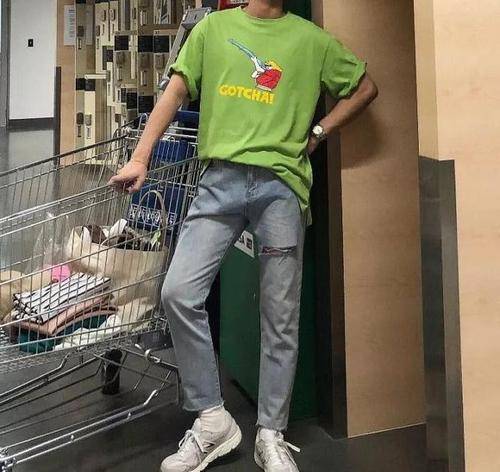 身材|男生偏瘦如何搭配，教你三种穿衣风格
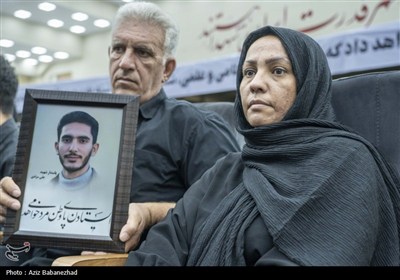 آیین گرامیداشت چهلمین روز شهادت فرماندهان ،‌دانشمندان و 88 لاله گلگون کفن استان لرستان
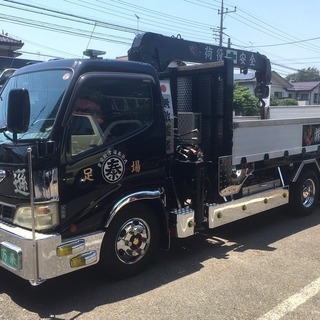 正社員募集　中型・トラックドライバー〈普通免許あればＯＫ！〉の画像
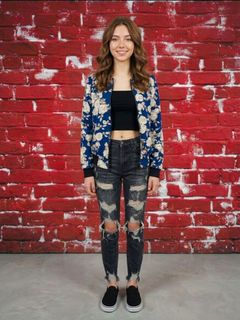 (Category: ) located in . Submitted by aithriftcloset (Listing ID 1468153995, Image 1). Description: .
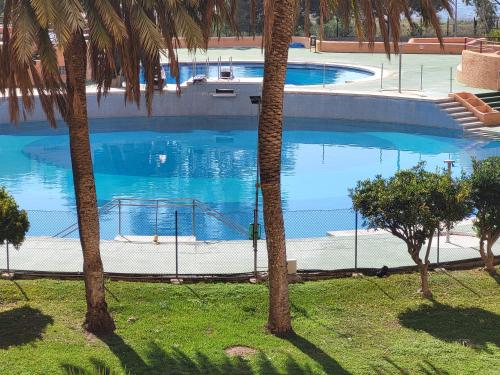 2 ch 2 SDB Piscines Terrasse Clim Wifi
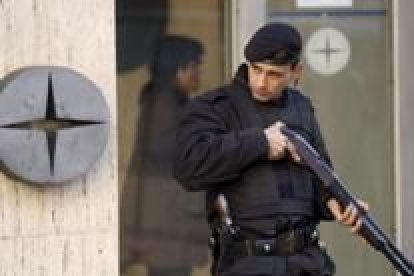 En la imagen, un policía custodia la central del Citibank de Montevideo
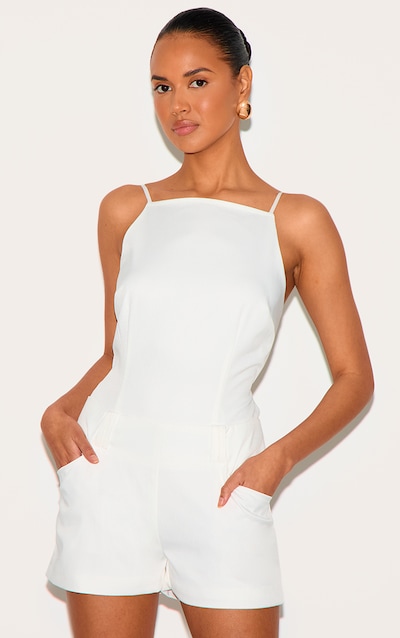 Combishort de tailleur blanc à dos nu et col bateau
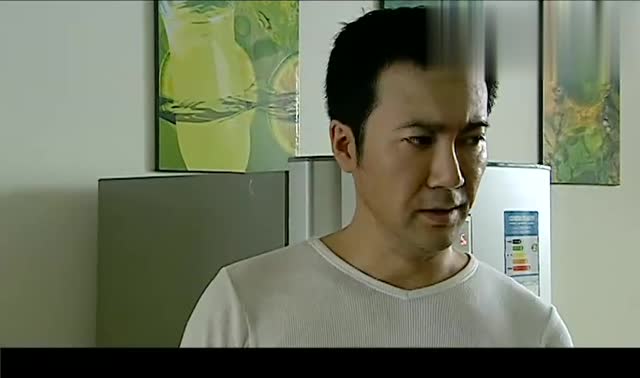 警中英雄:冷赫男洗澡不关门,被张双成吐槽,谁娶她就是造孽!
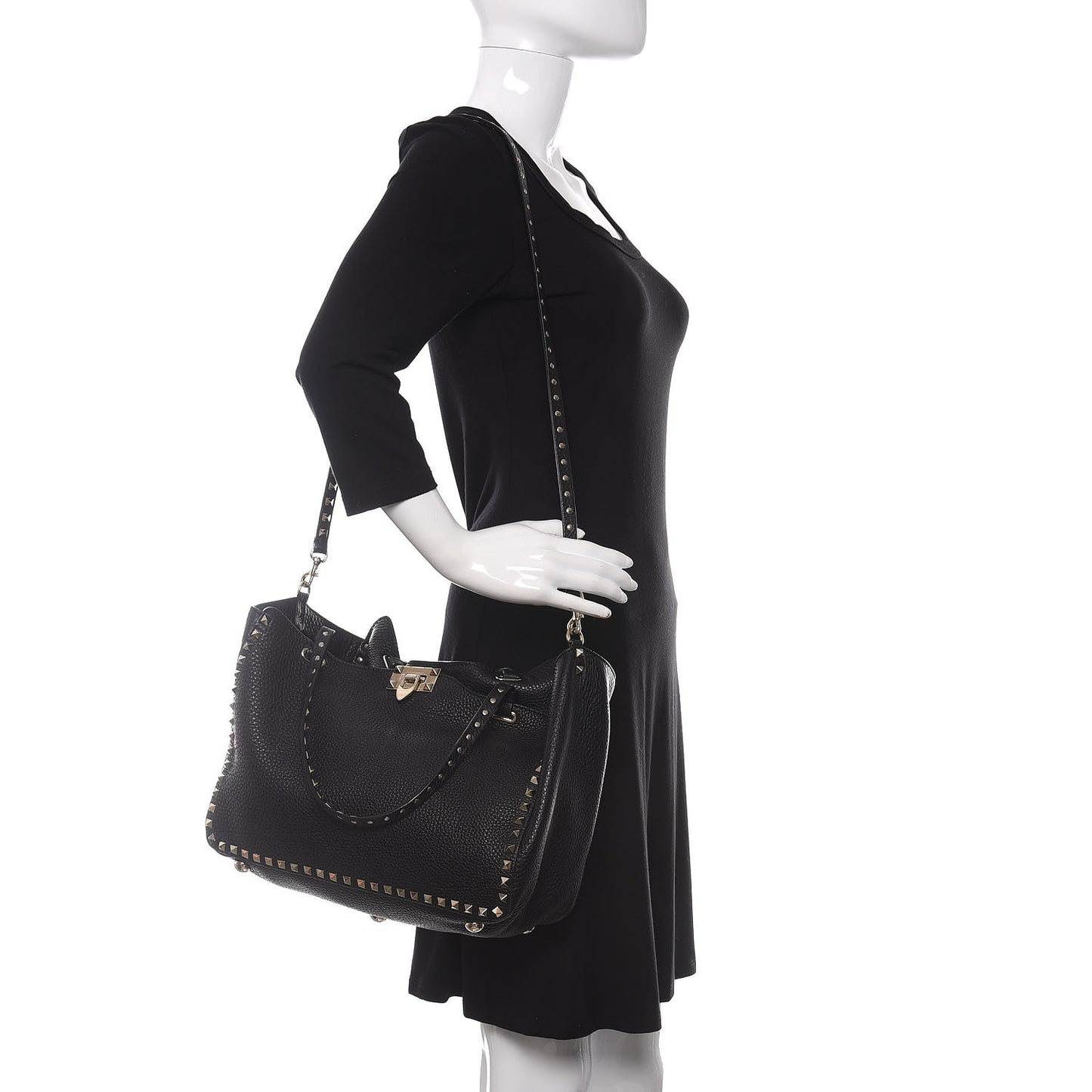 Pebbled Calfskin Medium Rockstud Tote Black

* * *

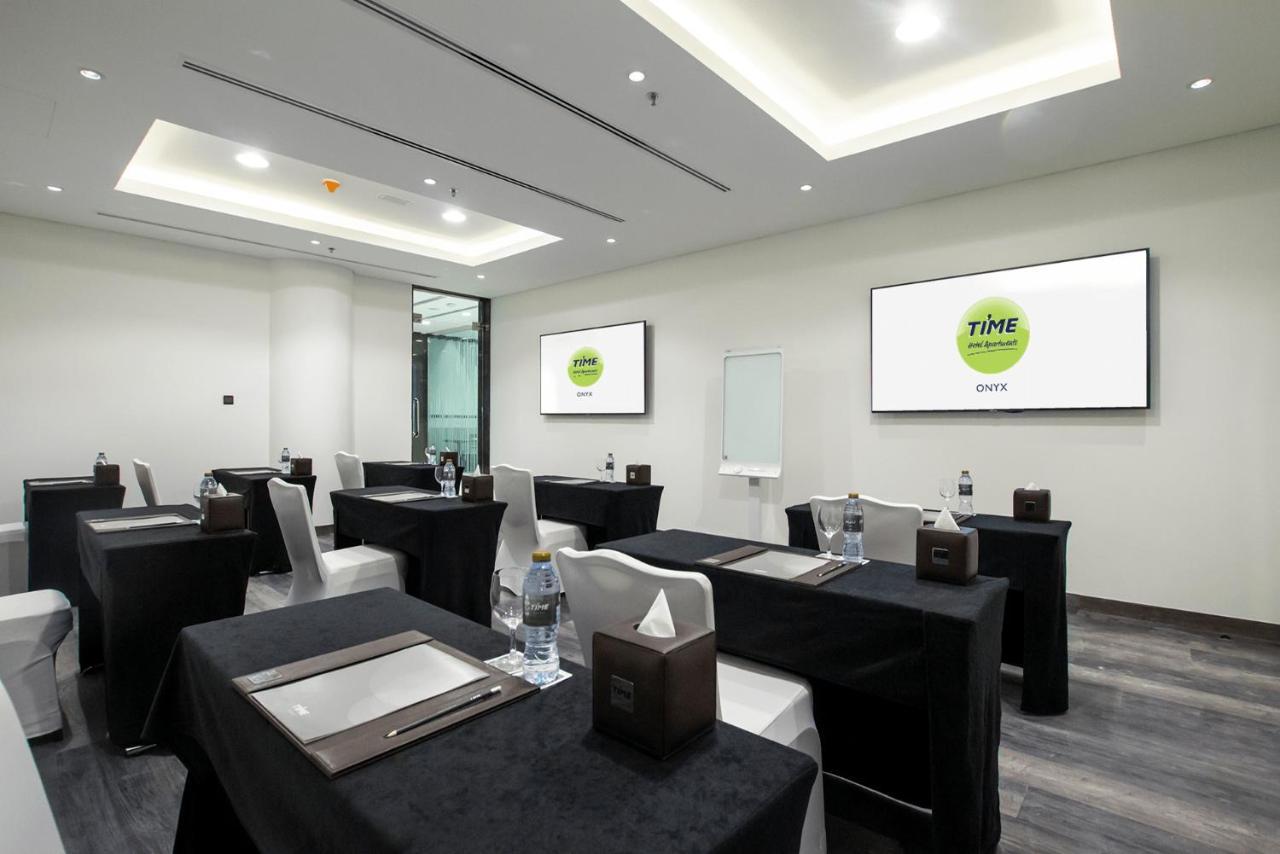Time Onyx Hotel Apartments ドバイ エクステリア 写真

--

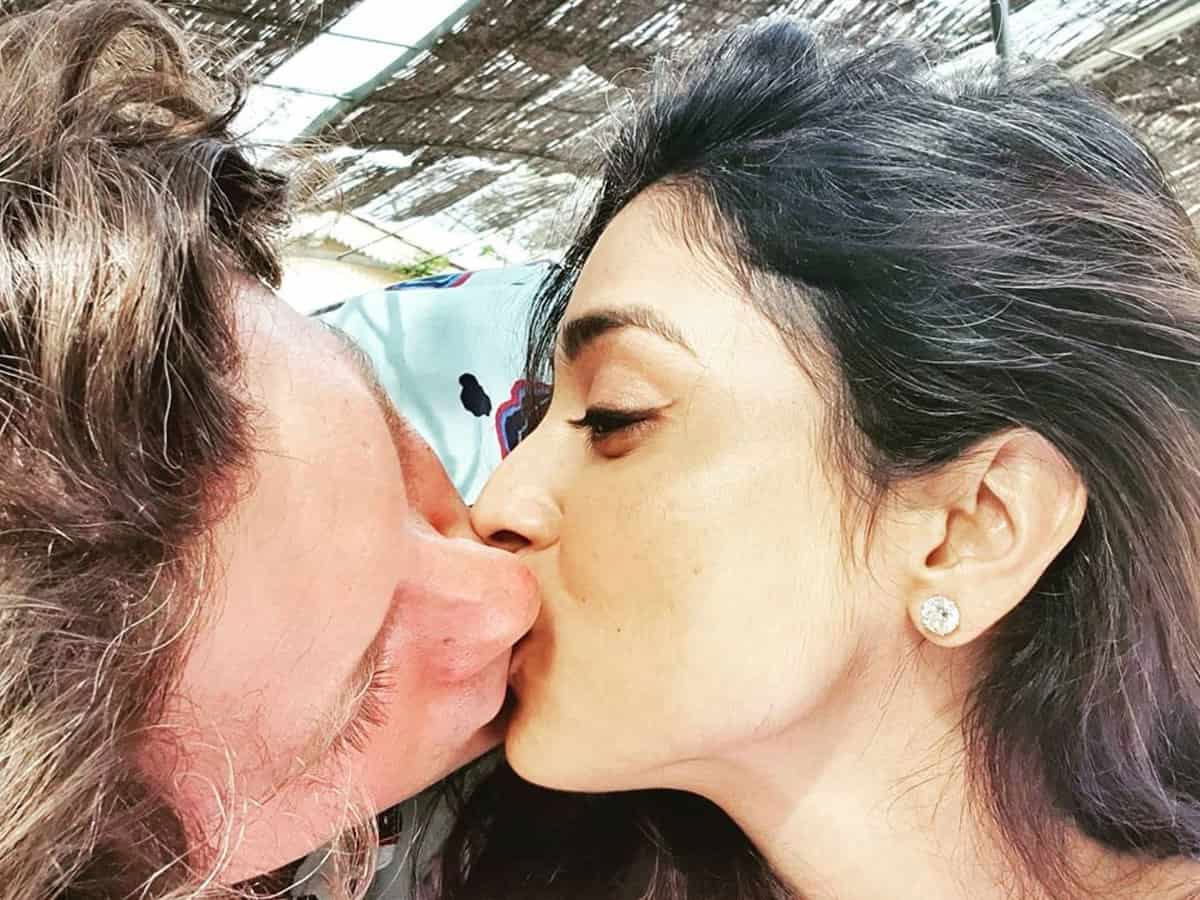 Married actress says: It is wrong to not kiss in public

What this task involves | Write out the lines above from the one with "身材|男生偏瘦如何搭配，教你三种穿衣风格" through the one with "Pebbled Calfskin Medium Rockstud Tote Black", ends included, exactly; no picture goes in.

Answer to the exercise |
 身材|男生偏瘦如何搭配，教你三种穿衣风格
 آیین گرامیداشت چهلمین روز شهادت فرماندهان ،‌دانشمندان و 88 لاله گلگون کفن استان لرستان
 正社員募集　中型・トラックドライバー〈普通免許あればＯＫ！〉の画像
 (Category: ) located in . Submitted by aithriftcloset (Listing ID 1468153995, Image 1). Description: .
 2 ch 2 SDB Piscines Terrasse Clim Wifi
 En la imagen, un policía custodia la central del Citibank de Montevideo
 Combishort de tailleur blanc à dos nu et col bateau
 警中英雄:冷赫男洗澡不关门,被张双成吐槽,谁娶她就是造孽!
 Pebbled Calfskin Medium Rockstud Tote Black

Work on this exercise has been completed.